→ RAW DATA:
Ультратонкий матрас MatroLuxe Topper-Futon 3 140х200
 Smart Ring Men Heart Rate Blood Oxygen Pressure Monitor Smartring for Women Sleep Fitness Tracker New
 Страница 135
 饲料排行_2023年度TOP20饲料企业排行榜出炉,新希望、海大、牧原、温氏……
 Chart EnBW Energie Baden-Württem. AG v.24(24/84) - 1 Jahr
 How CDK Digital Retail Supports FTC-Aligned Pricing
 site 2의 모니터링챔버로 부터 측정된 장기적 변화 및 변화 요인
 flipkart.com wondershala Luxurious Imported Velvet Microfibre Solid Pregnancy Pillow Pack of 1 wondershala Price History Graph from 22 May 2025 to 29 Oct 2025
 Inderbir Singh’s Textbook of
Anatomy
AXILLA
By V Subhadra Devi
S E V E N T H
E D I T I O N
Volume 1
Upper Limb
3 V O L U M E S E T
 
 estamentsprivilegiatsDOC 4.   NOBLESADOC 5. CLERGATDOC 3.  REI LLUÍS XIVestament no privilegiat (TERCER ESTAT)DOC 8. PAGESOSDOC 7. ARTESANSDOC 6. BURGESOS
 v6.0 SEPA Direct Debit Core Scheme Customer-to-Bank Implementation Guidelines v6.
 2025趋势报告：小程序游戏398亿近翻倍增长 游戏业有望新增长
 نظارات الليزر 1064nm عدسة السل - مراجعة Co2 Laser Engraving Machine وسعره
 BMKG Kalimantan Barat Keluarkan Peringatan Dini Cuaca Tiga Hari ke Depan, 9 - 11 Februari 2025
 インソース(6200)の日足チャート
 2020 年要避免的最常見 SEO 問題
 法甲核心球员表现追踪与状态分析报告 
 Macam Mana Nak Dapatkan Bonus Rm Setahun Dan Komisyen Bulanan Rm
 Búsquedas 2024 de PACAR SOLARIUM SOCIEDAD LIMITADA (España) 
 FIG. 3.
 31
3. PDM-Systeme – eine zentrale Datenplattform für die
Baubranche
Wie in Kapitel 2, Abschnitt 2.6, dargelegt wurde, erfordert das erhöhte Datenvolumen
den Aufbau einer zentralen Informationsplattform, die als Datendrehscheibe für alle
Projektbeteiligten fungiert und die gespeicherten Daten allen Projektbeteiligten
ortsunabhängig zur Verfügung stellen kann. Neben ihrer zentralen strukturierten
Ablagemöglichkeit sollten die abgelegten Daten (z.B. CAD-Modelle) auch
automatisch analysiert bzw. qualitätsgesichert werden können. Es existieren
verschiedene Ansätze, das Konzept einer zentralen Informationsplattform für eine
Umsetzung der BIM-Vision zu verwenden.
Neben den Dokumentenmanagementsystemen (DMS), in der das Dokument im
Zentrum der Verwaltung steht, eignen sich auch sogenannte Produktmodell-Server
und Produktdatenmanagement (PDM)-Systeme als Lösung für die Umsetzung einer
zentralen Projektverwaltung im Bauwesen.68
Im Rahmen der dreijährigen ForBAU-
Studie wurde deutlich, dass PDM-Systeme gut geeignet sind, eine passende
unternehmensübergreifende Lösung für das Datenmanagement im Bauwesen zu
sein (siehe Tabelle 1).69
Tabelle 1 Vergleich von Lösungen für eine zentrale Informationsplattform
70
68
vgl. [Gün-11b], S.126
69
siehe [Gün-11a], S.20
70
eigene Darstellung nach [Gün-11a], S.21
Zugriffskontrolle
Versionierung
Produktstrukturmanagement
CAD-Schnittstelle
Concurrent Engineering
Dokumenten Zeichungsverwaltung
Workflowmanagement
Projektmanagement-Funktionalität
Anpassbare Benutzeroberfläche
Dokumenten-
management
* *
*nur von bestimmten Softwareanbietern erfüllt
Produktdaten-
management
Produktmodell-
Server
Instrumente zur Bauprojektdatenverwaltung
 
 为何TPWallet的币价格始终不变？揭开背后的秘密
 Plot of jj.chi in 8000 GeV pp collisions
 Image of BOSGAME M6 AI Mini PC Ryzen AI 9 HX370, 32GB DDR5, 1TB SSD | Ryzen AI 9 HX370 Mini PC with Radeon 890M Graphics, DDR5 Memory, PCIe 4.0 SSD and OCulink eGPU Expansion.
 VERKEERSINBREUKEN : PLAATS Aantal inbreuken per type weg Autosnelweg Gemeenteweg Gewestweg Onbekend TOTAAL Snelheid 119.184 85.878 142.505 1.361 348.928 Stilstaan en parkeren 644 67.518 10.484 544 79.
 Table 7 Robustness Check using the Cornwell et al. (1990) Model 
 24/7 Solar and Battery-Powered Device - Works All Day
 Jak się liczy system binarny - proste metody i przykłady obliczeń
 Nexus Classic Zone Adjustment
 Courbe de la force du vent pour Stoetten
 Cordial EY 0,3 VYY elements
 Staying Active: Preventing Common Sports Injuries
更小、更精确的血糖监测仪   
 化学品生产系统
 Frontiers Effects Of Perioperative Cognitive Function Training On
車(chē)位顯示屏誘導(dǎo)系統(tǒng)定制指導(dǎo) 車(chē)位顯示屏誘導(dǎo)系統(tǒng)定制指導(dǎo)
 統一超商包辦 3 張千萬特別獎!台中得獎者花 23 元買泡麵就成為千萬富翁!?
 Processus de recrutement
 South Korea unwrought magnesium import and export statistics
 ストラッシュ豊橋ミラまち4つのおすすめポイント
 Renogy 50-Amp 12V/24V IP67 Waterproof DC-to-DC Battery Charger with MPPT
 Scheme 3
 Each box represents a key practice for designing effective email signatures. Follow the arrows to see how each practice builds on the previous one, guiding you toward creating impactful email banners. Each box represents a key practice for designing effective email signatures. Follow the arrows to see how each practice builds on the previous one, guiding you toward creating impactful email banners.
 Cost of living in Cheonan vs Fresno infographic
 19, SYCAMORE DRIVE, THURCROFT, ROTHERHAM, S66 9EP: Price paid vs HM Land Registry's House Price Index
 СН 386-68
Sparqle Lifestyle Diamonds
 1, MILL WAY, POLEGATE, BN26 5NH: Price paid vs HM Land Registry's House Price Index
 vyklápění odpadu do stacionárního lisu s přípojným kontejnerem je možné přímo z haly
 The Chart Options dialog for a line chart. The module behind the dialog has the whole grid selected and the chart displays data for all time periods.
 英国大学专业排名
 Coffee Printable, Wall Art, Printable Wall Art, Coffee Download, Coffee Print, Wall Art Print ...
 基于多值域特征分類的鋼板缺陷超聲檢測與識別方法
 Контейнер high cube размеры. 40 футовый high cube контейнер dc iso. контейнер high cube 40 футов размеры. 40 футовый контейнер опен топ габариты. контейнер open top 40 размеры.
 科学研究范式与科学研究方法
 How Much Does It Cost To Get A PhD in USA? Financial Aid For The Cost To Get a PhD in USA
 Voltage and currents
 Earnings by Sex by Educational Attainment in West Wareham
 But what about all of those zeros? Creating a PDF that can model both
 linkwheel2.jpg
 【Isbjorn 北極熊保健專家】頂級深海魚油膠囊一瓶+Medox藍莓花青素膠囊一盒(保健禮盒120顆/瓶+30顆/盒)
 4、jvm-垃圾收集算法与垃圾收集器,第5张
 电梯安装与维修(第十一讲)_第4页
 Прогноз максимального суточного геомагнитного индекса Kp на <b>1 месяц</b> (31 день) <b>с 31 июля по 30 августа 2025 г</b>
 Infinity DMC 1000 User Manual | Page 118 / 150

→ TASK STATEMENT: Where a line of the data contains the string "wurde", include it in a count, and state that count alone.

→ OUTPUT BELOW: 2